The leech Myzobdella lugubris is widespread in the Lake Erie Watershed, especially Lake St. Clair. However, its role in pathogen transmission is not fully understood. In this same watershed, several widespread fish mortalities associated with the Viral Hemorrhagic Septicemia virus (VHSV) were recorded. Viral Hemorrhagic Septicemia is an emerging disease in the Great Lakes Basin that is deadly to the fish population, yet little is known about its mode of transmission. To assess the potential role of M. lugubris in VHSV transmission, leeches were collected from Lake St. Clair and Lake Erie and pooled into samples of five. Cell culture and reverse transcriptase polymerase chain reaction (RT-PCR) were used to determine the presence of the virus and its identity. Results showed that 57 of the 91 pooled leech samples were positive by cell culture for VHSV and 66 of the 91 pooled leech samples were positive by RT-PCR for the VHSV. Two representative virus isolates were sequenced for further genetic confirmation and genotype classification. VHSV detected within M. lugubris was homologous to the Great Lakes strain of VHSV genotype IVb. This is the first record of the VHSV being detected from within a leech, specifically M. lugubris, and suggests the potential of M. lugubris being involved in VHSV transmission.


The Viral Hemorrhagic Septicemia Virus (VHSV), genotype IVb, is a recent invader to the Great Lakes Basin (GLB) and has been associated with mortalities in a number of freshwater fish species [14]. These recent widespread mortality events in the GLB have raised questions concerning potential routes of virus transmission.

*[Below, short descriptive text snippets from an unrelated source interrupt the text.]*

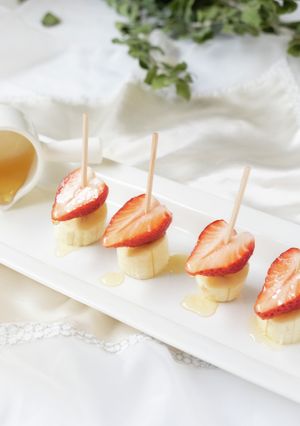 もうすぐ春♡簡単！バナナイチゴスティック-レシピのメイン写真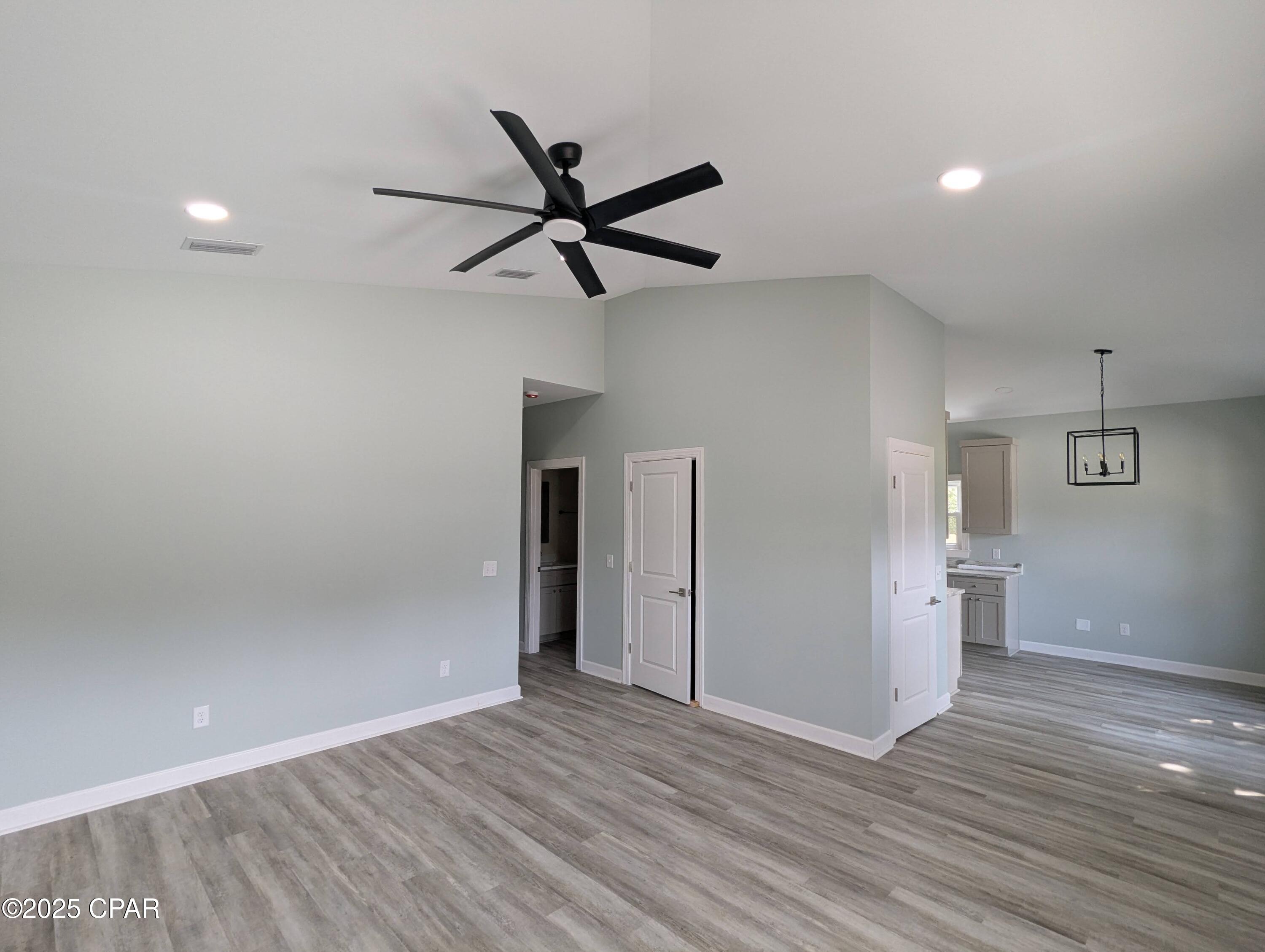 Image 3 For 3904 26th St A Street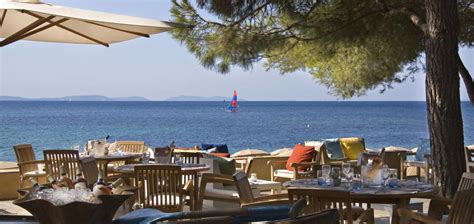 Un écrin de tranquillité, les pieds dans l'eau. La Pinède Plage, Ramatuelle (St Tropez), France. Expert ...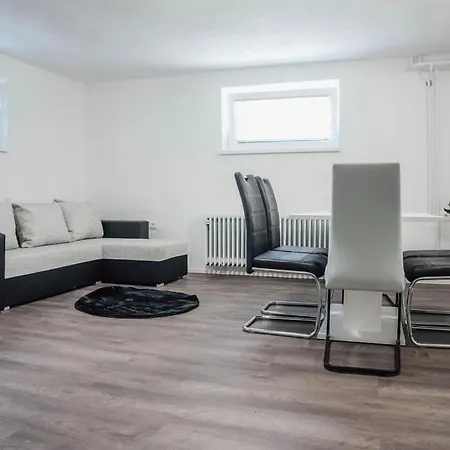 Palace Garden Apartman *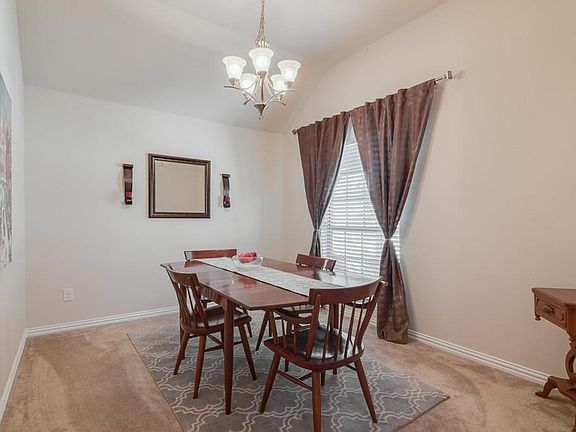 4th image of 935 Casa Grandes Dr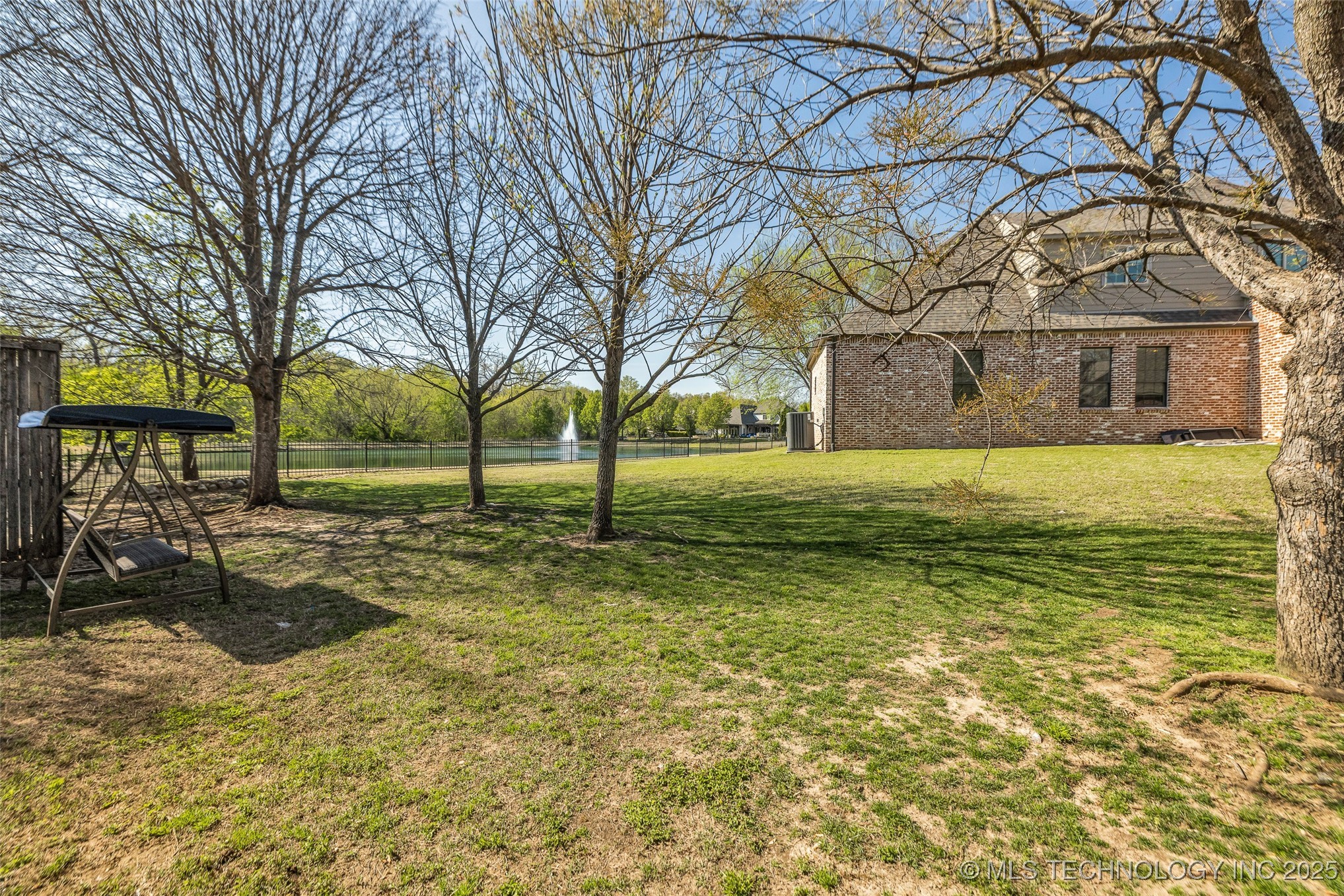 11280 S 72nd East Place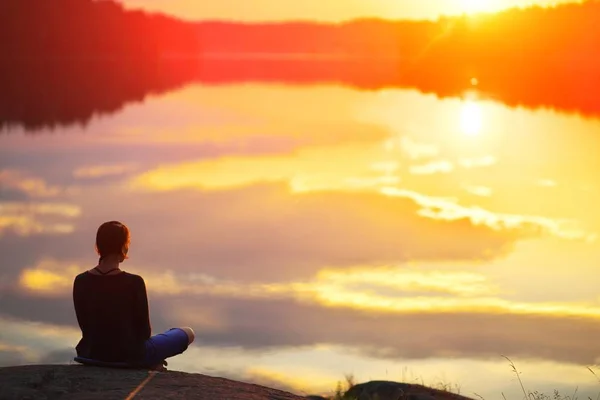 Silhueta Jovem Pôr Sol Vista Por Trás Menina Sentada Penhasco — Fotografia de Stock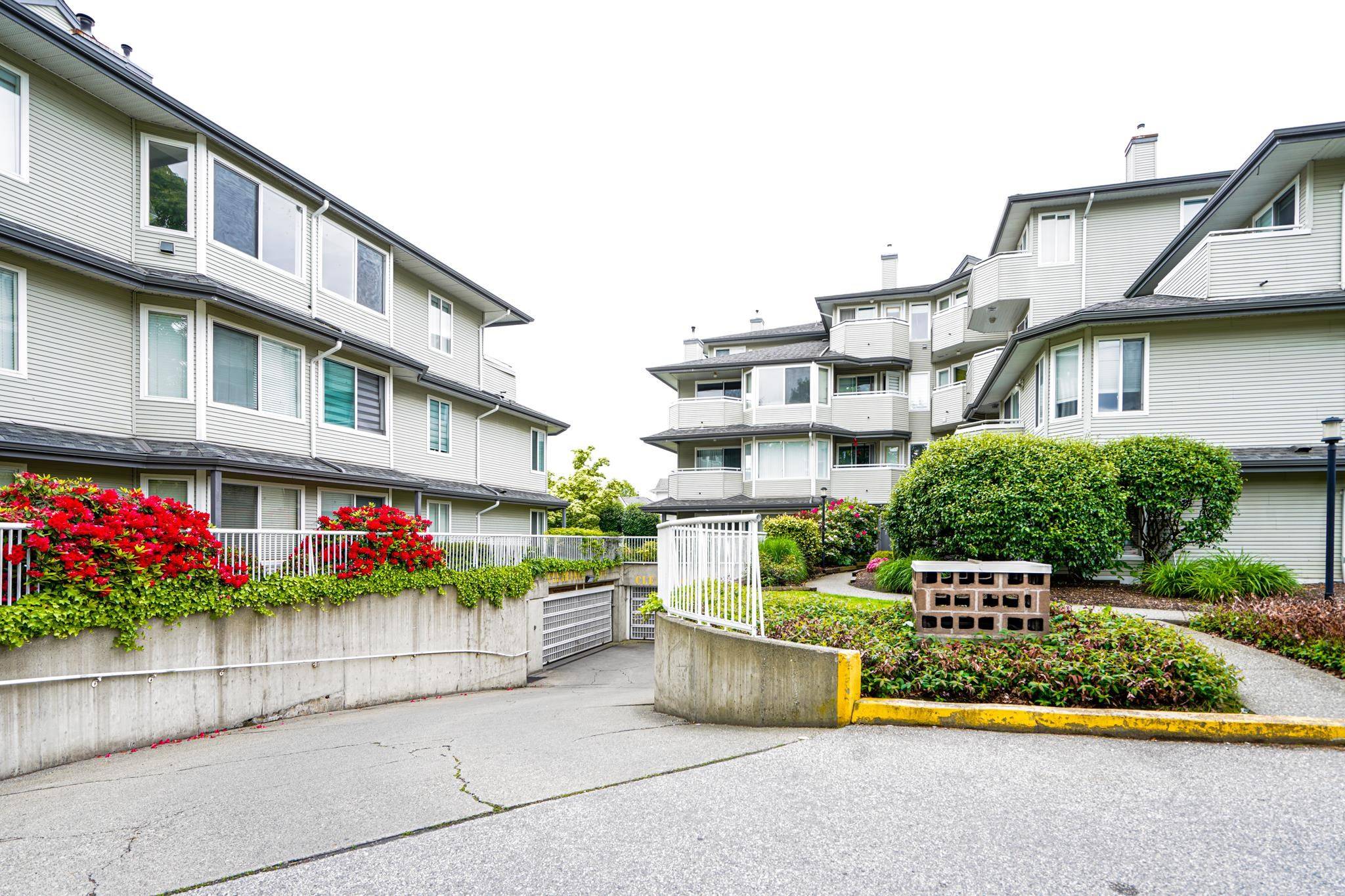 Surrey, BC V3W 0V2,12130 80 AVE #207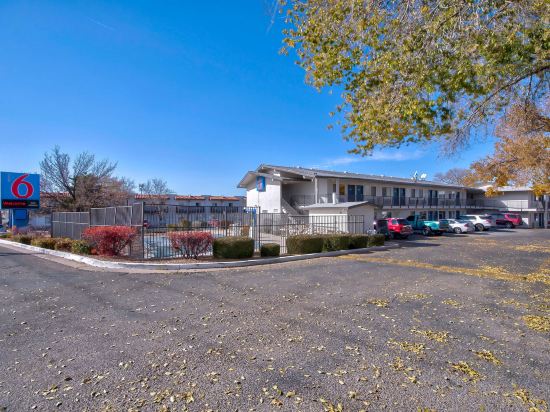 Фото Motel 6 Santa Fe
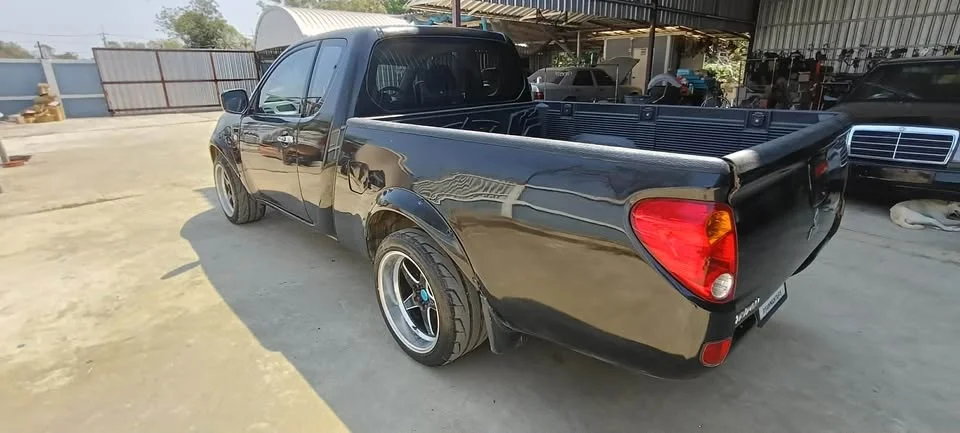 2012 Mitsubishi Triton IV 2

Certain leech species have been incriminated as potential vectors for fish viruses, such as, Piscicola salmositica for Infectious Hematopoietic Necrosis Virus in the sockeye salmon, Oncorhynchus nerka Walbaum [5] and P. geometra for Spring Viraemia of Carp Virus in the case of the common carp, Cyprinus carpio Linnaeus [6]. In a previous study, the leech population in Lake St. Clair, Michigan was found to be dominated by Myzobdella lugubris Leidy, 1851 (Rhynchobdellida: Piscicolida) [Schulz CA, Thomas MV, Fitzgerald S, Faisal M: Leeches (Annelida: Hirudinea) Parasitizing Fish of Lake St. Clair, Michigan. Submitted]. Myzobdella lugubris is an intermittent, haematophagous feeder, with an extraordinary wide host range [79] and therefore it is a good candidate leech to contribute to pathogen spread among susceptible host species. In this study we collected attached M. lugubris from fish collected from two sites in the Lake Erie watershed, where VHSV Type IVb was first isolated, and subsequent fish mortalities have taken place over the last few years [1].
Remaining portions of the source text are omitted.